Neural Network Dynamics in Entorhinal Cortex: Space  and Time

A LECTURE BY

PROF. EDVARD I. MOSER, 2014 Nobel Prize in Physiology and Medicine, NORWEGIAN UNIVERSITY OF SCIENCE AND TECHNOLOGY

WEDNESDAY | OCT 8, 2025

Recentemente ho ascoltato questa splendida presentazione di Edward I. Moser Neural Network Dynamics in Entorhinal Cortex: Space and Time. Questa presentazione si trova adesso su YouTube con libero accesso.   

Ecco un breve racconto della presentazione.

Introduzione: il problema che il cervello deve risolvere

  • Il cervello deve continuamente rappresentare dove ci si trova nello spazio (navigazione) e quando nel tempo (ordine e durata degli eventi).
  • Le regioni chiave coinvolte in queste rappresentazioni sono l’ippocampo e la corteccia entorinale, strutture strettamente connesse tra loro. 
  • All’interno della corteccia entorinale (in particolare nella sua parte mediale, “medial entorhinal cortex”, MEC), sono presenti cellule a griglia (grid cells), che si attivano in maniera regolare quando un animale esplora uno spazio bidimensionale: il loro schema di attivazione assomiglia a un reticolo esagonale che “copre” tutto l’ambiente in cui si muove il topino.
  • Nell’intervento, Moser mostra come, grazie a tecnologie recenti, oggi possiamo osservare l’attività simultanea di migliaia di neuroni mentre l’animale si muove, e studiare la dinamica collettiva di queste reti neurali.
La figura mostra l' ippocampo nel contesto dell' encefalo
L’ippocampo e la corteccia entorinale. La figura a destra mostra l’ippocampo nel contesto dell’ encefalo (riquadro verde piccolo). Pubblico dominio Ippocampo, Anatomia 2024

Il modello di “attrattore continuo” e la geometria toroidale nei network di grid cells

Una delle idee teoriche centrali che Moser espone è che l’attività collettiva delle grid cells, all’interno di un “modulo di griglia”, sia organizzata secondo un attrattore continuo su una superficie toroidale (cioè una “ciambella”). Ecco cosa significa e perché è importante:

  • Un attrattore è uno stato verso cui un sistema dinamico tende. In un “attrattore continuo”, l’attività può muoversi lungo dimensioni continue (non solo saltare fra stati discreti).
  • Nel caso delle grid cells, l’idea è che la rete tenga traccia della posizione “internamente”: i neuroni interagiscono reciprocamente, e l’attività si sposta sulla superficie toroidale mano a mano che l’animale si muove.
  • Importante: questa dinamica toroidale è osservata indipendentemente dagli input sensoriali correnti (cioè anche in oscurità o durante il sonno). Ciò suggerisce che la griglia non è semplicemente “costruita” dai segnali sensoriali, ma è una proprietà intrinseca della rete.  
  • Moser riferisce che già nei primissimi stadi dello sviluppo (prima che gli occhi o orecchie siano aperti e funzionanti) emerge la topologia toroidale nei neuroni entorinali – cioè prima che l’animale abbia un’esperienza spaziale significativa. Questo indica una componente fortemente “innata” nel meccanismo spaziale. 
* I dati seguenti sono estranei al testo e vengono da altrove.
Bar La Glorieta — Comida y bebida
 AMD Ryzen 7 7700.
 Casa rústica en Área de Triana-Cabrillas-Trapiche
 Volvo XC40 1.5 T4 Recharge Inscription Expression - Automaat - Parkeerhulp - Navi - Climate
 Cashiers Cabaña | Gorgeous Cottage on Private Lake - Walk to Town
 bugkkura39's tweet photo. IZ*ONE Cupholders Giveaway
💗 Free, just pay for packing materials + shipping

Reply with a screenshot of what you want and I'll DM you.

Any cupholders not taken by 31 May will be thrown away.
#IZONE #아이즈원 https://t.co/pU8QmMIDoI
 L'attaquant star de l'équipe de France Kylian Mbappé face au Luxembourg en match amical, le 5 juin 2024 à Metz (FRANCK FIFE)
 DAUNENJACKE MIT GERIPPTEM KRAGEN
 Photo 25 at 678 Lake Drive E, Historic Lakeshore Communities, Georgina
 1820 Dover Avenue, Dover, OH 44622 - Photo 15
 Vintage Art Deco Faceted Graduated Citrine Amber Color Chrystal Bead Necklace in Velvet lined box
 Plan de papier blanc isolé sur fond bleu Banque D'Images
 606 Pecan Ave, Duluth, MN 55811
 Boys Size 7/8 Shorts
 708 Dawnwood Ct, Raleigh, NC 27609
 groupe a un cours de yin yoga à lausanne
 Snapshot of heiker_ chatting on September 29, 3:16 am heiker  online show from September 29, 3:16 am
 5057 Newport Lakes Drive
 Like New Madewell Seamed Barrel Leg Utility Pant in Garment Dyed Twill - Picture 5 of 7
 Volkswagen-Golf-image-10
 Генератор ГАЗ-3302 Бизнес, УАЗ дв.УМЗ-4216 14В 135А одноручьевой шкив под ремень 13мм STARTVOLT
Questa visione mette in luce un’idea potente: la rappresentazione spaziale del cervello non è solo reattiva, ma ha una struttura interna stabile che guida l’attività neurale, proattiva.

Relazione tra grid cells e place cells

  • Le place cells sono neuroni nell’ippocampo che si attivano quando l’animale si trova in una specifica posizione (una “cella di luogo”).
  • Moser afferma che la dinamica delle grid cells e quella delle place cells sono strettamente collegate: i “moduli” di grid cells possono condizionare come l’ippocampo passi da una mappa spaziale all’altra (cioè come può “cambiare” da una rappresentazione spaziale a un’altra).  
  • In sostanza, le grid cells possono fornire una struttura coerente che supporta la codifica della posizione nell’ippocampo, in modo che le place cells rispondano dentro quel contesto con mappe stabili. Le place cells dell’ ippocampo tengono nota e memoria dei movimenti e degli attraversamenti significativi dei moduli delle grid cells, supportando così informazioni base che sono elaborate nella memoria autobiografica.

Codifica del tempo nella corteccia entorinale laterale (LEC)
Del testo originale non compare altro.